Taylor Mac’s “24-Decade History of Popular Music,” a concert event that devotes an hour per decade of American history, has been called ‘ambitious’ and ‘epic.’ But after watching the three-decade preview being performed through next weekend at New York Live Arts, I decided that those words do not do justice to the cultural goals of this theatrical piece. There’s a sensationalized and egocentric tone about “ambitious.” The work becomes about the artist, about his/her career aspirations, and the imagined work s/he may or may not invest in. It suggests that the work isn’t necessary or warranted– that the artist has gone above and beyond what is called for, or what they are usually capable of. It ignores or minimizes the goal of the piece.

That’s not to say that Mac, music director Matt Ray, backup vocalist Amber Gray (I knew she looked familiar!), and their band aren’t creating something rigorous or difficult. Putting together three-hours of performance material is hard enough, let alone twenty-four. But the focus of this event is not Mac’s stamina as a performer, or how long we the audience will fare with our sleeping bags and toiletries. The concert is an act of historiographical rewriting.
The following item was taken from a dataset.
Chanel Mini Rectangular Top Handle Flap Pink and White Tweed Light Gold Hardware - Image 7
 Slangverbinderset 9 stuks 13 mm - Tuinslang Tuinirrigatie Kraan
It examines how American history has been passed down to us and what type of narrative it depicts. It asks us to imagine other narratives, ones that are left out of traditional education. Mac relates the inspiration for the piece in performance, starting with his childhood in Stockton, California, where homosexuality, queerness, and gay history were never part of his family discourse or institutional learning. He discusses the first time he ever witnessed being part of a group of openly gay men at an AIDS walk and the overwhelming sense of belonging he felt surrounded by men who were themselves or were with others deteriorated by the disease. How has our country existed for two and a half centuries with queerness and only in the past few decades made steps to acknowledge its presence? How do we revise our perception of the American experience, dating back to 1776, to include rather than ignore or alienate the gay experience? Mac’s concert legitimately performs this revision. It’s not ambitious. It’s merited. It’s called for. And it’s absolutely essential.

Photo by Sara Krulwich/The New York Times

Mac’s joy of performing emanates from his sparkling persona, usually covered in even more sparkling attire designed by longtime costume collaborator Machine Dazzle. The performance I attended celebrated music from 1900-1930. The first decade largely focused on music from immigrant Jewish tenement life. Mac enters dressed a glittery, conservative black dress bedecked with a large Star of David and a oversized velvety cheetah-print shtreimel hat held up by an umbrella handle. He briefly describes the flux of Jewish immigration into the United States as a result of pogroms in Eastern Europe and imitates living conditions in the tenements by inviting the entire audience to sit onstage. Audience participation is used pointedly, working the discomfort and falseness of the interacting into the narrative he constructs. The 1910’s bring a slight change of pace, introducing an era of romanticism and heroism that culminates in World War I’s bitter disillusionment. The 1910’s and 1920’s segments approach the war from a queer perspective– women on the domestic front and male soldiers abroad find strength in each other’s shared experiences and develop relationships that mold new definitions for love in America.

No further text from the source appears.